Kepala Kantor Cabang Dinas (KCD) Wilayah XI Dinas Pendidikan Jawa Barat, Asep Sudarsono menyebut bahwa di gelombang pertama pihaknya membuka penerimaan siswa dari beberapa jalur. Jalur tersebut adalah afirmasi, prestasi, perpindahan, hingga anak guru.
Baca Juga:Tes Masif Pelaku Perjalanan untuk Cegah Kasus Impor di StasiunManfaat Pelukan Usai Aktivitas Seks
“Hanya menerima 50 persen dari daya tampung maksimal setiap sekolah. Para siswa yang tak lulus di gelombang pertama, bisa kembali mendaftar pada gelombang kedua. Kemarin kan dibuka tanggal 12 sampai 18 Juni dan baru kemarin diumumkan. Pekan depan kami akan buka pendaftaran lagi,” sebut Asep, Selasa (23/6/2020).
Pendaftaran gelombang kedua sendiri, dikatakan Asep akan mulai buka 25 Juni 2020 sampai 1 Juli 2020.
“Pada gelombang kedua, kita akan menggunakan sistem zonasi yang jumlahnya sebanyak 50 persen dari sisa daya tampung,” katanya.
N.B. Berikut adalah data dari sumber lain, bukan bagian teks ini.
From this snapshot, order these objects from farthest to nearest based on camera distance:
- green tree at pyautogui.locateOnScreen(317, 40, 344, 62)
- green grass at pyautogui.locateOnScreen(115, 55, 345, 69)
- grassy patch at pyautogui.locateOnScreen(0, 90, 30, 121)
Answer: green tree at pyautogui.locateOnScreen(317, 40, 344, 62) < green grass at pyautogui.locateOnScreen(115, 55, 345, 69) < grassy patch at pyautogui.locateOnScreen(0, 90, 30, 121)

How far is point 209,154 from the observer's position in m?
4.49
Untuk penerimaan peserta didik baru di Kabupaten Garut, dijelaskan Asep, dilakukan dengan dua cara, yaitu secara online dan offline. Kedua cara itu sendiri dilakukan karena belum semua orang tua siswa mengerti dalam penggunaan sistem online.
“Penggunaan sistem online hanya efektif di perkotaan dan sebagai cara mengurangi kerumunan di tengah pandemi Covid-19. Sistem PPDB tahun ini dibuat dengan maksud agar anak tak usah datang ke sekolah yang dituju. Mereka juga bisa ikut daftar di SMP asal. Tapi tak semua sekolah punya sarana untuk itu. Makanya kami tetap menerima offline,” katanya.
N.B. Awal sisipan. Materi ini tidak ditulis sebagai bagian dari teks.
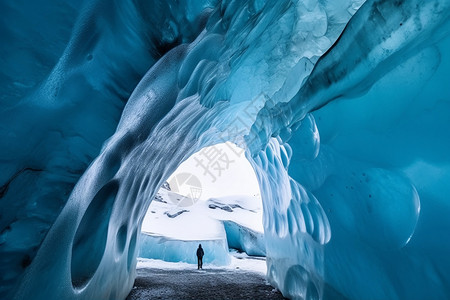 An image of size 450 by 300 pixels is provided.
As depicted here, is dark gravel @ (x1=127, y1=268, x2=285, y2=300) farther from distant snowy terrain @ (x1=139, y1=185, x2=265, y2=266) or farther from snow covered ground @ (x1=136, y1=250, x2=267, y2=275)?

Ia mengungkapkan bahwa di sejumlah sekolah, hasil pemeriksaan hanya ada tiga calon siswa saja yang mendaftar dengan cara online. Saat diperiksa lebih lanjut, ternyata kebanyakan calon siswa didaftarkan oleh orang tuanya secara langsung ke sekolah, atau offline.
“Itu kejadian di wilayah selatan. Susah sinyal jadi mereka enggak bisa daftar. Kami persilakan agar tak mempersulit juga,” ungkapnya. (igo/RP)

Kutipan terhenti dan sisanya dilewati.